*Instructions for the task*: The data must be given again exactly as written, with all images omitted.

*The data*:
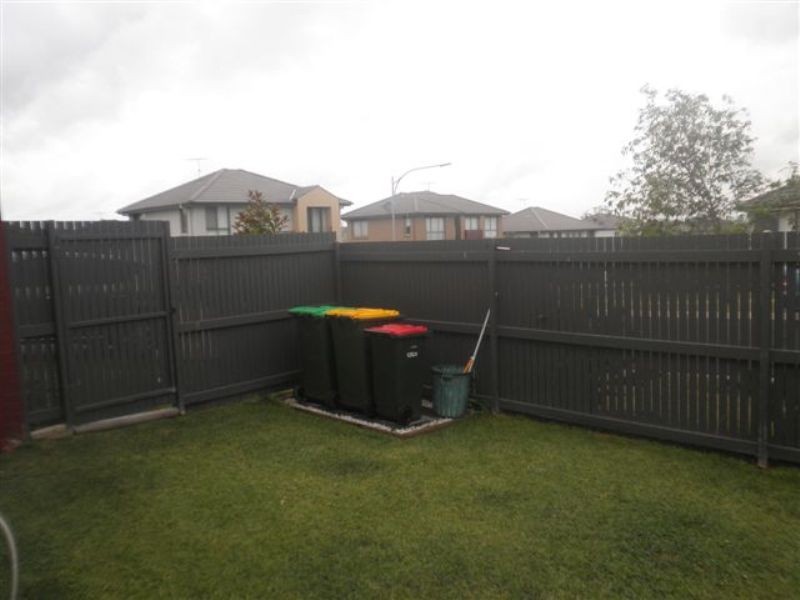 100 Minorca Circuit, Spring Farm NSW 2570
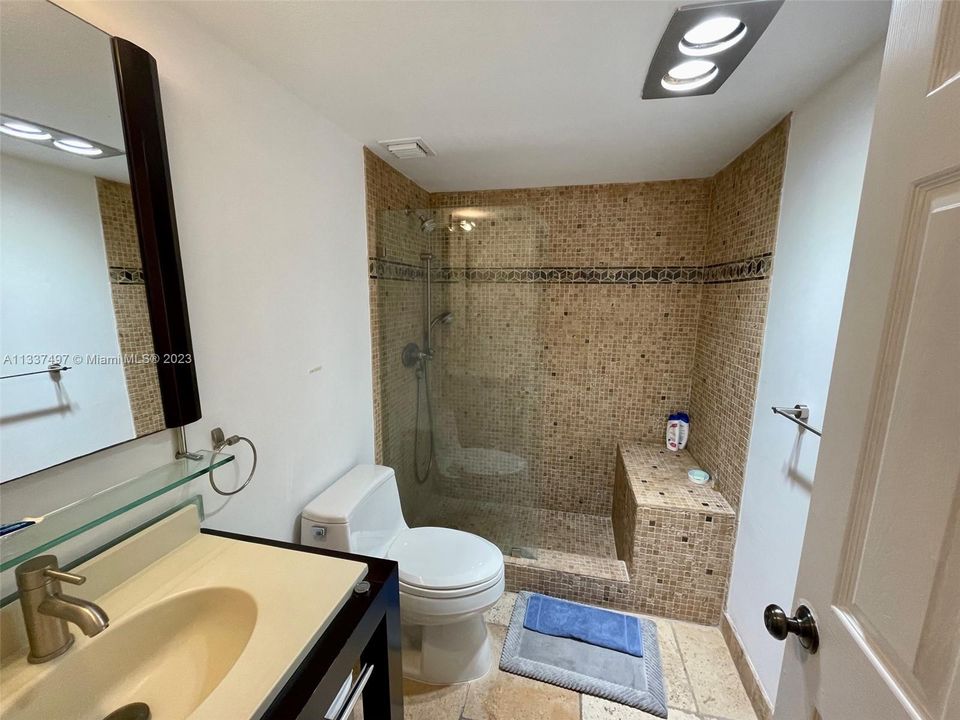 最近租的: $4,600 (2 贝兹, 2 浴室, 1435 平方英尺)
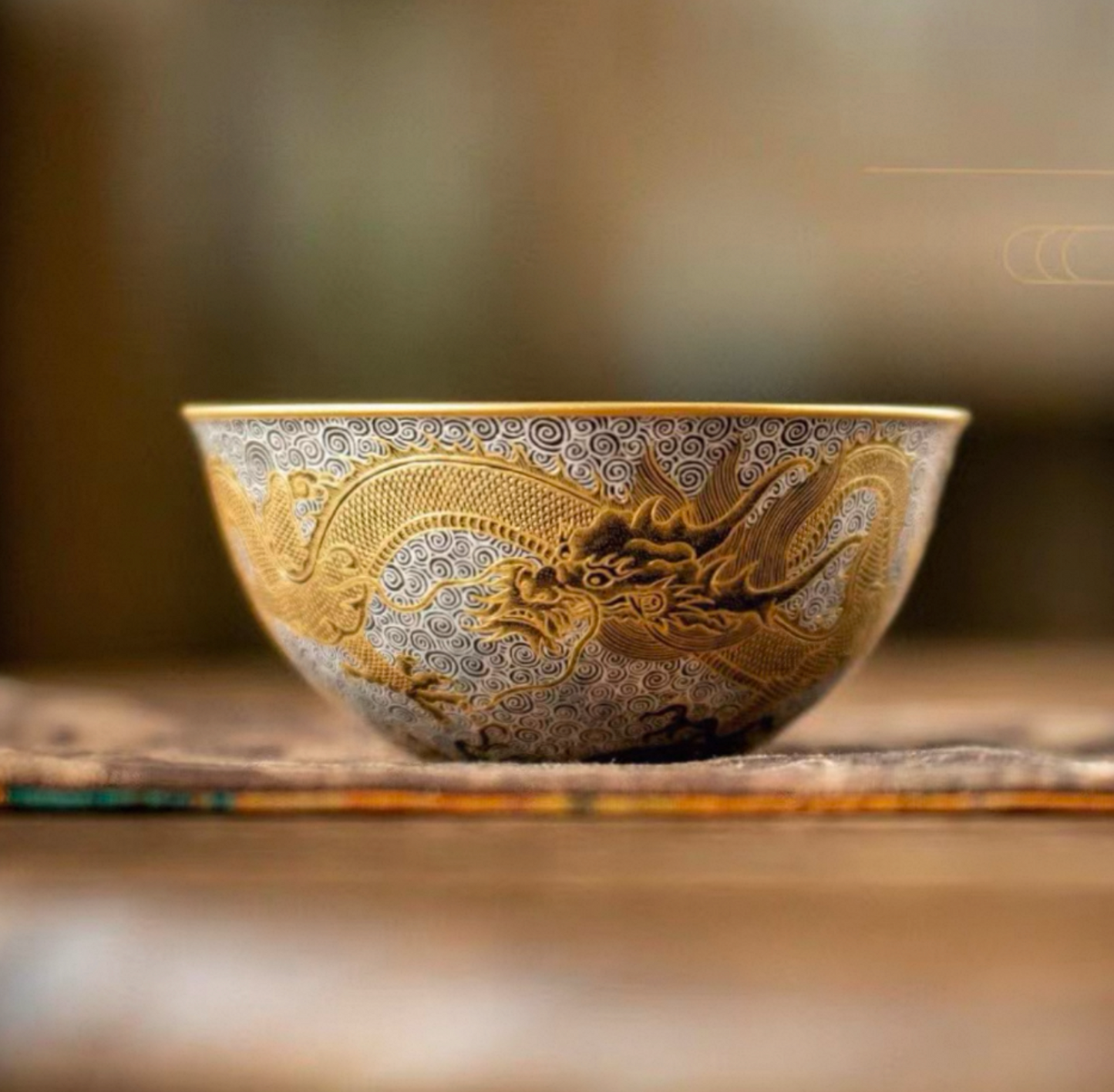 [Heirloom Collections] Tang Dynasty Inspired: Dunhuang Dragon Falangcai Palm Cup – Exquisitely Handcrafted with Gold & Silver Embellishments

*Worked solution*:
 100 Minorca Circuit, Spring Farm NSW 2570
 最近租的: $4,600 (2 贝兹, 2 浴室, 1435 平方英尺)
 [Heirloom Collections] Tang Dynasty Inspired: Dunhuang Dragon Falangcai Palm Cup – Exquisitely Handcrafted with Gold & Silver Embellishments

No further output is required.